How do you contradict yourself so quickly and not see it?

Our electric cars aren’t using “renewable energy” (what a shifty term). They’re using oil being converted to electric energy (at a cost of losing some of the efficiency)

Maybe someday these cars will use energy purely generated from the sun or wind, but given the volume of cars in the planet Im suspicious we’ll ever generate that much. This ignores a growing population where each year we collectively consume more and more

Fusion would be a way to do it, or even fission, but for some reason we can’t consider fission and we don’t put nearly enough money into researching fusion

4 comments

> They’re using oil being converted to electric energy

Classic conservative talking point. The next bit after this is "let's do nothing, gas burning cars are the future!". Anyone who actually wants to think for real about what the energy usage of an electric vehicle in their area is can refer to the EPA's Power Profiler: https://www.epa.gov/egrid/power-profiler#/

If you're in California, about half is gas. The other half is primarily nuclear, solar, wind and hydro. Transmission losses from power plant to home, and home to charged battery, are 10-20%; but then, electric drivetrains lose much less to efficiency than gas drivetrains. At the end of the day, emissions from driving an electric are better pretty much anywhere in the world; and in most places, massively better.

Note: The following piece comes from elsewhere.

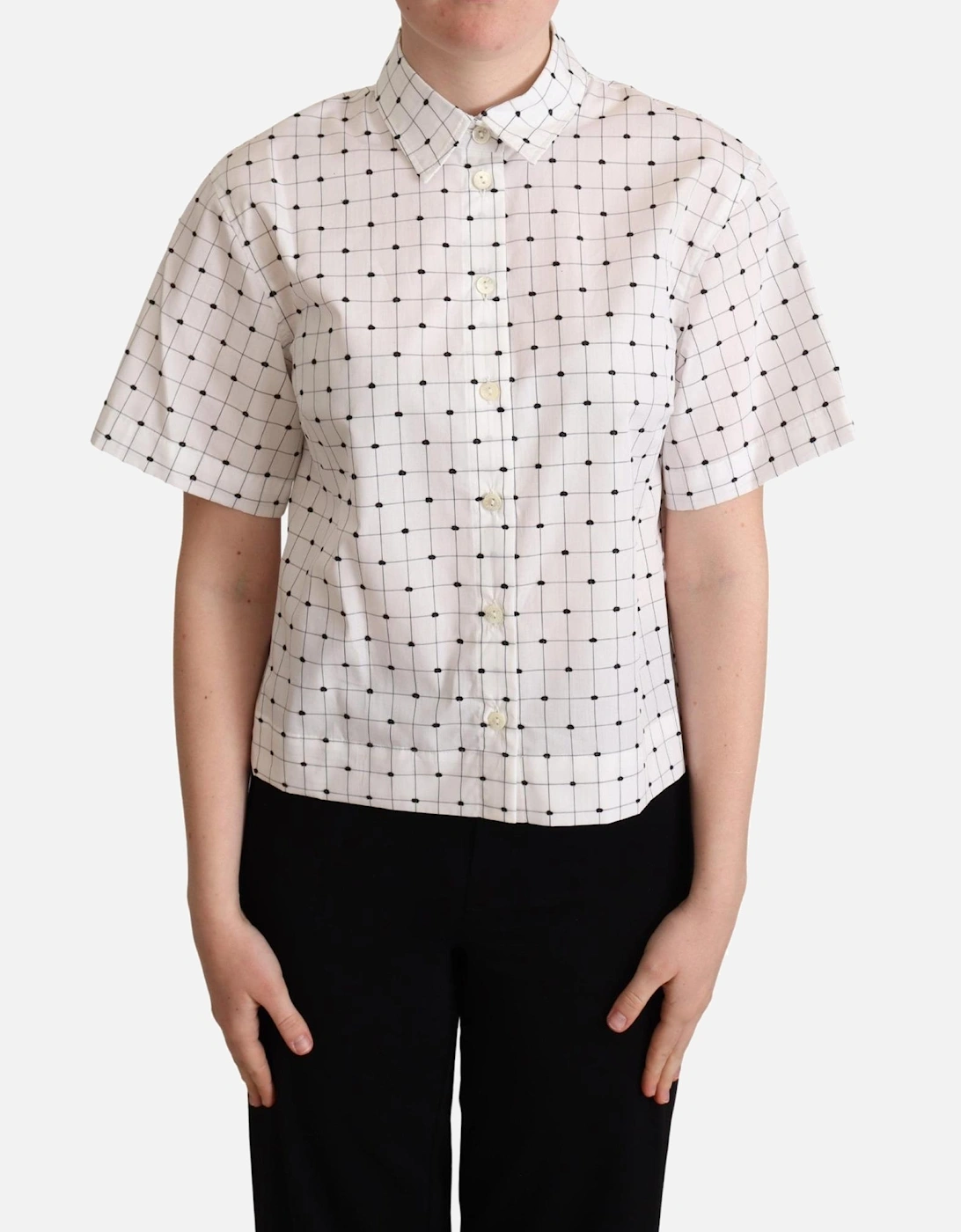 Dolce Gabbana Short Sleeve Shirt Gingham Check Women - White, 5 of 4
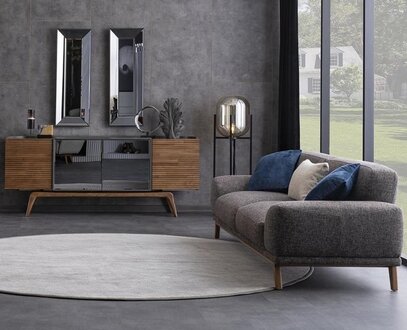 Sofa 3-seater mirrored sideboard 2x mirrored couch cabinet living room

I think saying that electric "has the potential to become renewable" is quite reasonable. It'll certainly take a lot of time and isn't a certainty, but the generation mix is probably, all in all, an easier problem than the emissions from manufacturing batteries.

Where I live the great majority of electricity generation is renewable. Switching from internal combustion to EV is absolutely a net positive.
And where you live is no doubt a minority use case for the global situation. Right?
Even in Poland - the coal capital of Europe - EVs lifetime co2 emissions are now lower than ICEs.
Almost nobody generates electricity from oil in significant quantities.
OP probably meant fossil fuels in general (gas/oil/coal).
All 3 have very different impact on CO2 emissions.
This is wrong on so many levels. Just adding regenerative braking and using a larger, more efficient steam turbine pays for the extra embodied CO2 in an EV in about 200 charges (out of 5000 or so an LFP battery lasts). After that the EV is producing under half the emissions even running on pure coal burnt in a subcritical plant delivered over an inefficient third world grid.

As of 7 months ago 13% of annual world electricity generation over the preceding year was wind and solar (and this goes up several percent a year), a little under 10% is nuclear and 15% is hydro. Along with minor renewable resources like landfill gas (distinct from wood biomass which should not be included) fossil fuels are under 60%.

Anyone in Brazil or Norway or one of many othernplaces has about two orders of magnitude less marginal emissions.

The amount of sunlight that hits a car over an average december day in Ireland could move it further than 80% of people drive. It's not yet possible to gather most of it, but in 80% of the world >90% of grid powered charging by covering one of the places the car parks on the regular with PV and buffering a day's power in a battery 10% the size of the car's.

> How do you contradict yourself so quickly and not see it?

where is the contradiction? yes, switching to an electric car when its oil converted to electricity isn't much better but it still represents progress because it creates incentive for an electrical supply chain that can take inputs from things other than oil. The idea is that it creates an opening for renewables to take a foothold where ice presented a blockade.